Standing on the boat looking at Marinduque always creates excitement running through my veins, but this time is was more powerful than normal. I was home. I had survived my first tropical disease. I was thankful for my strong body. The first wave of humor came due to all of the stories as to why I got sick: 1) it was because I had too many banana trees at my house, 2) because I have white skin, 3) it was not possible that I had dengue because you can only get dengue if you are under the age of ten, 4) it was because I workout too much…
I went back to school the day of graduation. I made it. The entire time I had to fight not to let tears race down my cheeks. This was the kind of feeling that makes every muscle in your face hurt, trying not to cry couple with endless smiles is a facial muscle workout. As I looked at my students smiling and crying and singing and shaking hands, I realized in that moment why they meant so much to me. I realized that they were the reason why I survived my first year as a Peace Corps Volunteer.
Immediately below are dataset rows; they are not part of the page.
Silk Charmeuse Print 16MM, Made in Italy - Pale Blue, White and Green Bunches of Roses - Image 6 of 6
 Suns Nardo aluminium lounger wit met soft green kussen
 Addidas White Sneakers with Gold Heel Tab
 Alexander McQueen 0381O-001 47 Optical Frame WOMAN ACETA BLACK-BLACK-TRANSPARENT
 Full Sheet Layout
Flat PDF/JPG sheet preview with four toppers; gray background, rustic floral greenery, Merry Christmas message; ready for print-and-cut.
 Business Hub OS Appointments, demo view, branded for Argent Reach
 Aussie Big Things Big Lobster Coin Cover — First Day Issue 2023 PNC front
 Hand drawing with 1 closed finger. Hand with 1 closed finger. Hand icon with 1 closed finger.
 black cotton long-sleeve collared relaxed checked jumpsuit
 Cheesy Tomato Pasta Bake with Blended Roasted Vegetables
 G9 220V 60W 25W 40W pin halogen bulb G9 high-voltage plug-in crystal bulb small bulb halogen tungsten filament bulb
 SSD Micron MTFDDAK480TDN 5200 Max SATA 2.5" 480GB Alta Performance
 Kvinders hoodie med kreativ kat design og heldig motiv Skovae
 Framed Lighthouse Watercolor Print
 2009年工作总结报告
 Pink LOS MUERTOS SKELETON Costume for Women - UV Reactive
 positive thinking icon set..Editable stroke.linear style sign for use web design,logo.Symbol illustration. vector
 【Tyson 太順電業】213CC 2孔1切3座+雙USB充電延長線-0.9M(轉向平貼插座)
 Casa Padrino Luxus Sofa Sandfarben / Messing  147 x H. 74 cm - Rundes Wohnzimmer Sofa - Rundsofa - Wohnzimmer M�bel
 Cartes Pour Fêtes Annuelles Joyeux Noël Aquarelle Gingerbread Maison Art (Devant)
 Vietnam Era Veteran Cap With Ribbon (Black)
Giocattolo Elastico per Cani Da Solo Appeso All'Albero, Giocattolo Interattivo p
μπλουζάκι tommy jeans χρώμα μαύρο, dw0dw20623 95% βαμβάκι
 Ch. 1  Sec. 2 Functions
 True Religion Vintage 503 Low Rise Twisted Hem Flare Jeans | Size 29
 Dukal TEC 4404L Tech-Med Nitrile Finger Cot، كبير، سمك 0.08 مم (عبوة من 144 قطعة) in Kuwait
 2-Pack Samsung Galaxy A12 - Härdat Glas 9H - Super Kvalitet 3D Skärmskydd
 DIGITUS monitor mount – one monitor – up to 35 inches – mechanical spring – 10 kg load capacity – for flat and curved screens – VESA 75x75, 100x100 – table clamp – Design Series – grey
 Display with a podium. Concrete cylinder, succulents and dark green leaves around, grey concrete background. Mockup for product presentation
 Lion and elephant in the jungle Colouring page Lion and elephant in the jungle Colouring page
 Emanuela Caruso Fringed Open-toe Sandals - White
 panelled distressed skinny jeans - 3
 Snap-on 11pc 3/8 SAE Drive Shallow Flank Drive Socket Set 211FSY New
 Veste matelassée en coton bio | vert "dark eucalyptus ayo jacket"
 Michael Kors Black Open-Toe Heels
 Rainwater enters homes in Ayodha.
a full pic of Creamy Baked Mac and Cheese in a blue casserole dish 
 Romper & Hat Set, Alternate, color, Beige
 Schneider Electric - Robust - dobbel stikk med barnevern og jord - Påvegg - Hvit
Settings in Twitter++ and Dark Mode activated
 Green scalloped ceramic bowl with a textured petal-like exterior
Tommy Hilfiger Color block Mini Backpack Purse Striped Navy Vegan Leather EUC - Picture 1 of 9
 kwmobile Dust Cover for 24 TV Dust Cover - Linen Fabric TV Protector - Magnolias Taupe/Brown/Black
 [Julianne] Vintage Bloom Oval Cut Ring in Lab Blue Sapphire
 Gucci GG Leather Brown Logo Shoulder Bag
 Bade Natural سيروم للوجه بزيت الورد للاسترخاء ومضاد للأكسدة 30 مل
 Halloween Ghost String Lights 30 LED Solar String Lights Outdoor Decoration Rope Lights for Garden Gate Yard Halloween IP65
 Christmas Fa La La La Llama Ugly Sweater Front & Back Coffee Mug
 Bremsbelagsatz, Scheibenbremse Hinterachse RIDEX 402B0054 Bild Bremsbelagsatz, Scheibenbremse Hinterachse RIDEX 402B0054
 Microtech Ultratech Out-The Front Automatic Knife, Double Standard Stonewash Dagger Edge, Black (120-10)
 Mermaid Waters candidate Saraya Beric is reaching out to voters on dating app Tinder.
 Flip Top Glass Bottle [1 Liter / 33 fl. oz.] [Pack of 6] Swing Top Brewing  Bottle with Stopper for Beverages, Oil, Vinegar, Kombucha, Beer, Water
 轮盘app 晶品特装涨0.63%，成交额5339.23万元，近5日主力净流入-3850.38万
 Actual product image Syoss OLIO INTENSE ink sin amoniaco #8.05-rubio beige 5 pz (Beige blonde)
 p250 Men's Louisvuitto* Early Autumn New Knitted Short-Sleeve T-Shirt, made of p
Every one of them impacted my life in such a positive way, whether it was singing to me, telling me a joke, walking with me, writing me a letter, smiling at me, listening to me. Youth are amazing that way.
The dream continued as I finalized everything for our Sports Summer Camp. Kim, Emmerson, and I had to visit the nearby elementary schools to invite them to out camp. Every principal seemed thrilled by the idea. Our visit was random but we were welcomed with more than open arms. We were welcomed with enthusiasm and pure excitement. The conversations were never short. After talking about the sports camp, the conversation took a turn to questions like, “Ma’am Gina when are you going to get married?” I kept thinking in my head that I wished I would have started to build this community relationship sooner. We were invited 10 pupils from each school but the principals always asked if there could be more. Our small camp could have easily turned into a gigantic amusement park like extravaganza. But, we chose to stick to our plan of small. One school had lined their entire courtyard with bottle bricks. We had done bottle bricks at my school as a simple way to decrease environmental impact. I had no idea that our project had branched further into the community, an added spark to the day. I had a thirty minute conversation in Tagalog. Honestly, I have stopped studying the language. I simply learn through living. It was neat for me to know that I can have a conversation like that. I am still far from fluent, I will probably never be fluent, I am not the linguistic type. But, I can still feel satisfied knowing that I can communicate. So, Summer Camp is happening. I have spent so many hours picturing the event in my head. I am ready to know what unfolds in reality. Will it be like my own creation? What will happen?
Now, I am waiting for my visitors. There are a handful of Peace Corps volunteers coming. Stacey is coming. It is going to be a good couple of weeks. I was challenged. But I recognize now how thankful I am for my mobility. I am so thankful I am not lazy. I am happy knowing that I can bounce back into motion after being knocked off my feet. This is going to be such a great way to start summer vacation. Unbelievable!